Being surrounded by loved ones (and not so loved ones) evokes a variety of emotions. People cherish sharing good food as they connect with those they enjoy. Eating with others in a festive atmosphere is a unifying experience even with those whom we like less well. For a short while we may abandon any of our differences and capitalize on our commonality in pleasing our senses.

Drinking alcohol also stimulates the appetite and serves to whet our appetite as we alternate solids and liquids. Overeating and excessive drinking is sanctioned by the group as an acceptable part of joyous interpersonal bonding.

It is also a common habit for people to eat more when food is free. Research about buffet consumption found that people eat much more in buffets than they do at a sit down dinner.

The days and weeks prior to the holidays are very stressful times. Decisions about where and with whom to share the holidays, the preparations for guests, gift search, wrapping, addressing cards, cooking, hosting and spending money, are only a few of the many stress-evoking concerns. By the time people are together, partaking in good food and laughter appear to be the ‘reward point’ in the process of releasing tensions.

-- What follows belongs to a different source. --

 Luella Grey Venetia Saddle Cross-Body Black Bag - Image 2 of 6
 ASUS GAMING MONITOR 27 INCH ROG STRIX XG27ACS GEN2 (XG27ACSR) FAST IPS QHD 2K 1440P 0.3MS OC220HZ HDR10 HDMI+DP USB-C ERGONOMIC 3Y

The holidays come during winter when it is cold and the days are short. Our need for warmth and soothing, and perhaps some biologically programmed food storing mechanism, still affect us even at times of plenty. Some people suffer from Seasonal Affective Disorder (SAD), becoming sad and depressed during the less sunny days. People suffering from SAD and others, who feel less energetic in the winter, tend to eat more in this season. The holidays offer a community- supported opportunity to do so with others.

Some people are not that comfortable in groups. They feel uneasy about relating to many different personalities, are ill at ease with some customs or the social expectations of them. They may busy themselves with eating, so that they can be less available to conversations with others. Some dread the anticipated discord between some family members or the pressure to recite their past year’s accomplishments. These individuals may be inclined to soothe their discomfort with food and drinks.

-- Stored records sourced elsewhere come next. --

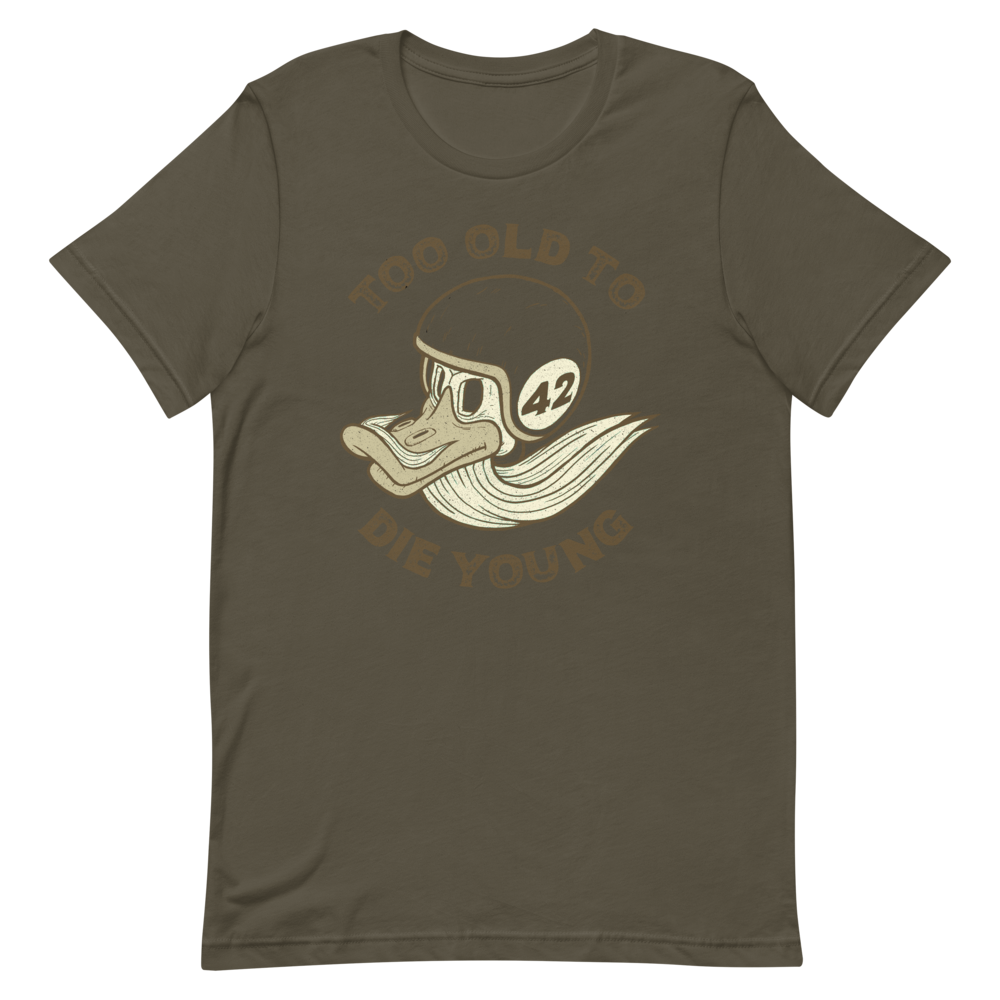 Too Old To Die Young Motorcycle T-Shirt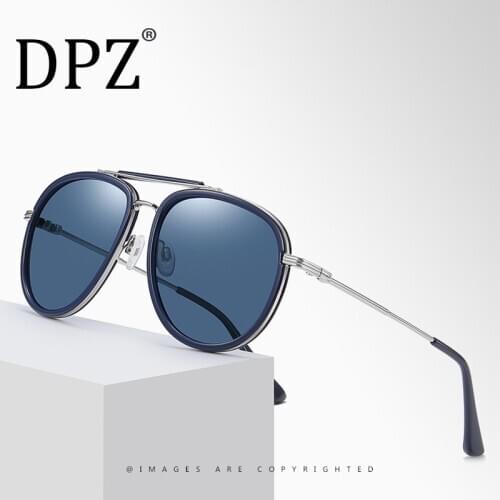 New classic brand design Aviation mens polarized sunglasses double beam big frame frog mirror women fashion UV400 sunglasses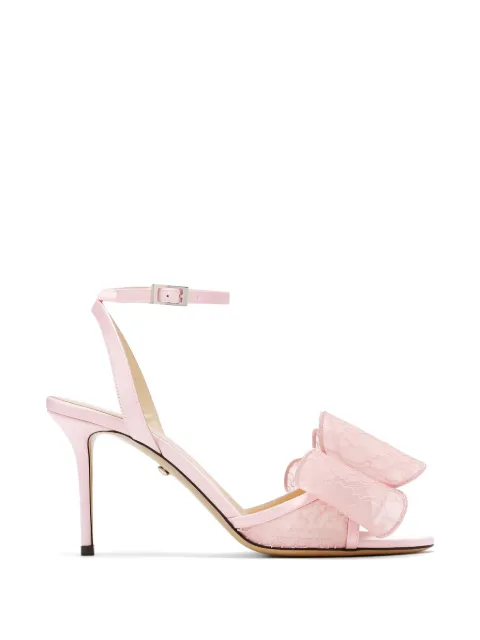 MACH & MACH Le Cadeau bow-detail lace sandals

Whatever the reasons for overeating, some simple tools can help us reduce the regrets and self-beating we do later after the scales quantify the damage done. Greg Feldman of Simmons College and colleagues studied a new concept of stress reduction, which has its roots in Eastern philosophy and is termed ‘mindfulness’. Mindfulness, he explains, is about accepting the reality of a situation and paying attention to what needs to be done.

Holidays are always practically and socially challenging, yet can be happy and joyful with responsible choices.

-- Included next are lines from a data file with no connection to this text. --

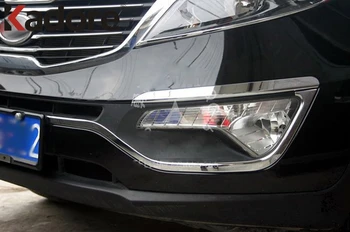 Se potrivesc pentru Kia Sportage 2010 2011(Nu Pentru Model American), ABS Cromat din Plastic lămpii de Ceață Față Acoperă Benzi Decorative Trim 2 BUC/SET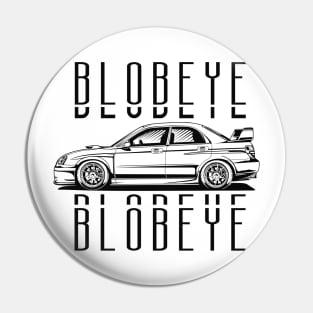 Side Blobeye Black Print Pin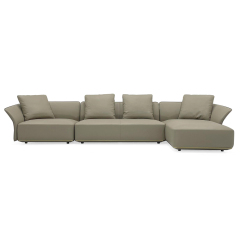 Comfortable modern minimalist design leather sofa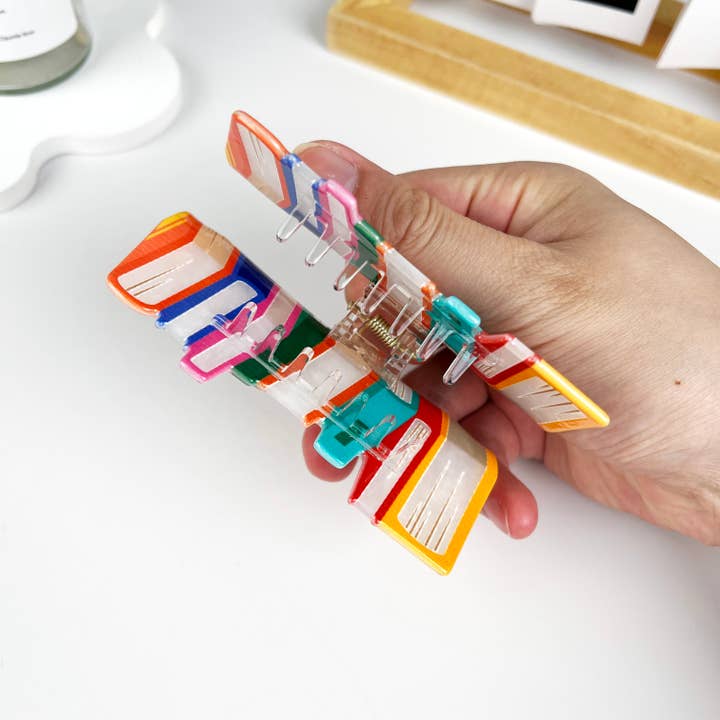 mildstyles - Wholesale Hair Clip - Women's - Ocean of Knowledge Book Hair claw clip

• Make a decision about your intended behavior and follow through regardless of others. For example, decide what and how much you will eat or drink and honor your commitment to yourself. Politely decline others’ insistence on greater consumption of food or beverages.
• Hors D’oeuvres are notoriously high in fat and calories, they are served first when you may be hungry, are small and can be mindlessly consumed. Count your bites and refrain from tasting all of them.
• Select a plate of food no larger than you would normally eat at home. Overeating is never free- it comes with a price of future months of regret and unhappiness.
• Resist having second serving or additional drinks –they add calories and may make you uncomfortable and guilty.
• Select the most appealing desert and have a small portion. More is no tastier or healthier.
• Avoid using food as a way to bond or isolate from others. Select the company you prefer and enjoy their presence.
• Do not use food as a reward for hard work, stress or emotional discomfort. It will only increase your uneasiness.
• Staying true to your pre-planned self-care will help you respect yourself more, have no next day regrets and have greater fun during the holidays and beyond.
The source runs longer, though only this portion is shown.